→ EXERCISE INPUT
______

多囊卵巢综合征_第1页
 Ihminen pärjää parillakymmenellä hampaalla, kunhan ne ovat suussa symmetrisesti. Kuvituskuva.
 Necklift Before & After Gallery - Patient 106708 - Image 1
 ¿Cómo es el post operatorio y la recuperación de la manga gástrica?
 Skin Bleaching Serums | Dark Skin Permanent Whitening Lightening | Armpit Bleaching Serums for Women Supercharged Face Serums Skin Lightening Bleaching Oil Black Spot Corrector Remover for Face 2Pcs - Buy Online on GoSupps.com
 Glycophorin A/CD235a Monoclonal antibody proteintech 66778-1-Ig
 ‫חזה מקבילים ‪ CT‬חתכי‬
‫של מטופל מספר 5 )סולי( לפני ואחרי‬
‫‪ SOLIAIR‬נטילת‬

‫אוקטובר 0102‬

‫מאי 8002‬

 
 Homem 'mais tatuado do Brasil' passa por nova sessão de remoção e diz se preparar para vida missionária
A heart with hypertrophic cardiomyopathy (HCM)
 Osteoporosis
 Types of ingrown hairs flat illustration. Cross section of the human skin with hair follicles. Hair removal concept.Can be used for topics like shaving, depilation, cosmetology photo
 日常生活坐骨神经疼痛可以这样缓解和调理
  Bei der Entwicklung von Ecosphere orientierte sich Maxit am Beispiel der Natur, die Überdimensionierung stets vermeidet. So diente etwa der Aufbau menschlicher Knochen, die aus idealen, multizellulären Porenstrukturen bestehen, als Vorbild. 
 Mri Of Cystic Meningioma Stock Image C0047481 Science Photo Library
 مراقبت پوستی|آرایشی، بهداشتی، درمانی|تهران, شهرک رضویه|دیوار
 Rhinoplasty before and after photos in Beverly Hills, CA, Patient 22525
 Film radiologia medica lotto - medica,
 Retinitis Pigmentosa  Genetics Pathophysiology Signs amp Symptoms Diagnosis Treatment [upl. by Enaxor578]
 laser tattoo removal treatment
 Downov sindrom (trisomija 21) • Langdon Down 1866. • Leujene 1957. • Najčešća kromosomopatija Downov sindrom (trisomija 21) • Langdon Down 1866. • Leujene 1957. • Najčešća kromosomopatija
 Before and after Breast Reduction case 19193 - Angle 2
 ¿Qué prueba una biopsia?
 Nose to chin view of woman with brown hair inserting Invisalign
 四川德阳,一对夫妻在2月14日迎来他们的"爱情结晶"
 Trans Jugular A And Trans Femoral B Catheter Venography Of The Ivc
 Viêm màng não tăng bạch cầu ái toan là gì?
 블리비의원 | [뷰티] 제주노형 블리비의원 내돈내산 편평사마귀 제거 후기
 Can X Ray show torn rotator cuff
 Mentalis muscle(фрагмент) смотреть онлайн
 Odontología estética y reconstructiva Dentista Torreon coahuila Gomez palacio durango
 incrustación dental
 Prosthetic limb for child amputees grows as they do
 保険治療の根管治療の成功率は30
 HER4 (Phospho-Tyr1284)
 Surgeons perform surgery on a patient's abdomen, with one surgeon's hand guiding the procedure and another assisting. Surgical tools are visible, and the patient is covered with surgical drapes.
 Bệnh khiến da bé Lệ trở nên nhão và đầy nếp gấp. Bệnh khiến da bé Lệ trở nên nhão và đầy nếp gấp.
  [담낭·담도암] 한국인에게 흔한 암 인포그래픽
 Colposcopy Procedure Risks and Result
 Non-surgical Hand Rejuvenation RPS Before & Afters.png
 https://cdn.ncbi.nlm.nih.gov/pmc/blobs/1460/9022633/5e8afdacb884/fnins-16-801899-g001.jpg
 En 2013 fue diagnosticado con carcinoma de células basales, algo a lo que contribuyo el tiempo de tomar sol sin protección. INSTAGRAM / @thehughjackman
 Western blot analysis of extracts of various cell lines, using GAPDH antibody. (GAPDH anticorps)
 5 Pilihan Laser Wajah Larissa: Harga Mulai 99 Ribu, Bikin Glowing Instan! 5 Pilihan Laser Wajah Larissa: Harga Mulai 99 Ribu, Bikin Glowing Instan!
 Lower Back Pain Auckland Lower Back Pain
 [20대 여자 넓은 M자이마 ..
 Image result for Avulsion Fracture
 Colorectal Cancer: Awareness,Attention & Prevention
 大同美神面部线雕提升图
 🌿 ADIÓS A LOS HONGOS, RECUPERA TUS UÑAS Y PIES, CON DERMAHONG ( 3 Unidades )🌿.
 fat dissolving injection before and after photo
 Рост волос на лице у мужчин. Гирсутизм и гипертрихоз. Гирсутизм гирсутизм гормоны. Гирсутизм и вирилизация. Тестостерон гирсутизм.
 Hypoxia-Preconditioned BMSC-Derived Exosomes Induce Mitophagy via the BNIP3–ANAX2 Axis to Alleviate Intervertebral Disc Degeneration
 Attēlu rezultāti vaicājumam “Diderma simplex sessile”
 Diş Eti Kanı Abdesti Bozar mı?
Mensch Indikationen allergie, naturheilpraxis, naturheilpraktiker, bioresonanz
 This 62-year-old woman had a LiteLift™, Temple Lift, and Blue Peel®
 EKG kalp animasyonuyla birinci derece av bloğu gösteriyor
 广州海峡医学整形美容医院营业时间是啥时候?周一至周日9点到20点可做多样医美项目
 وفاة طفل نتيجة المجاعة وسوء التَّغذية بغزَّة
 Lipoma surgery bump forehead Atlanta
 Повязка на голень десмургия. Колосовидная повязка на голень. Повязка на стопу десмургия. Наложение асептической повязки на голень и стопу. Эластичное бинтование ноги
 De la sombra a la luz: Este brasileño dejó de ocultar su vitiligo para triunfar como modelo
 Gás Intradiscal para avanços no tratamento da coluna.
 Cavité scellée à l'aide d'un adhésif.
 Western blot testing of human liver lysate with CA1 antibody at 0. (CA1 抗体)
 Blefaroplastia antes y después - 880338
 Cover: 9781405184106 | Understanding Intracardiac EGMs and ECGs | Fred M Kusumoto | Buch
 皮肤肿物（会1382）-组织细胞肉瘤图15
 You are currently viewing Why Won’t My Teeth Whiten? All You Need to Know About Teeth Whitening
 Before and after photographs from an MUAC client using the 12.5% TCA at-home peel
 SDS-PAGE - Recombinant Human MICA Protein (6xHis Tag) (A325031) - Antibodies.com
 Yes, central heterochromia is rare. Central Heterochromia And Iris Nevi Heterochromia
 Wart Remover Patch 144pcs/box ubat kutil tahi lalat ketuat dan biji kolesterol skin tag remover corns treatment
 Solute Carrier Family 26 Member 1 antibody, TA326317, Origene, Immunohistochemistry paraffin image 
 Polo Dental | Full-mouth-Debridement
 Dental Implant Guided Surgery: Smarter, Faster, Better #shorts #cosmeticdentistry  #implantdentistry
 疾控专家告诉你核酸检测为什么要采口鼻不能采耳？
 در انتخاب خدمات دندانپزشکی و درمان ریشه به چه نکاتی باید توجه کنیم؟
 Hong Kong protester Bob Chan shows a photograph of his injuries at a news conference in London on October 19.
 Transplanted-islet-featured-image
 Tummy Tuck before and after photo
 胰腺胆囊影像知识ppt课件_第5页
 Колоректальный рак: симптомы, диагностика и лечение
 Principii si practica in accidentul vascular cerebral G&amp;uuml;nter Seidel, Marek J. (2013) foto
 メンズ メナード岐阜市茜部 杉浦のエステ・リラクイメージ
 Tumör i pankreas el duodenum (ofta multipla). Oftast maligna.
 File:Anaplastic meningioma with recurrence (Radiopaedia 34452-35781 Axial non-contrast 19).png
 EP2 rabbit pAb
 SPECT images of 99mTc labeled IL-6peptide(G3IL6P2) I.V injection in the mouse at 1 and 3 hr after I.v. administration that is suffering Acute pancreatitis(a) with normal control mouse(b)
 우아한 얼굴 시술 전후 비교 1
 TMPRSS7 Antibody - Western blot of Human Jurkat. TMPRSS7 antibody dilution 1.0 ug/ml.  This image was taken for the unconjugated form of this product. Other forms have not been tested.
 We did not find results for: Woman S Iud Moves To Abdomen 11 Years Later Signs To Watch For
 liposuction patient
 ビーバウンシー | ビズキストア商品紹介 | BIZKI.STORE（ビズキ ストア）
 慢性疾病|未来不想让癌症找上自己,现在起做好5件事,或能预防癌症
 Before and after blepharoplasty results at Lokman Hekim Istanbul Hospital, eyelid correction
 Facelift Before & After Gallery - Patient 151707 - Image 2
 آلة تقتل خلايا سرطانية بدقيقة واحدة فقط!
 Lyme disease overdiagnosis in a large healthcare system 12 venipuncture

______

→ ASSIGNMENT
Wherever the string "Whitening" shows up in the material, copy the line that holds it.

→ TASK SOLUTION
 Skin Bleaching Serums | Dark Skin Permanent Whitening Lightening | Armpit Bleaching Serums for Women Supercharged Face Serums Skin Lightening Bleaching Oil Black Spot Corrector Remover for Face 2Pcs - Buy Online on GoSupps.com
 You are currently viewing Why Won’t My Teeth Whiten? All You Need to Know About Teeth Whitening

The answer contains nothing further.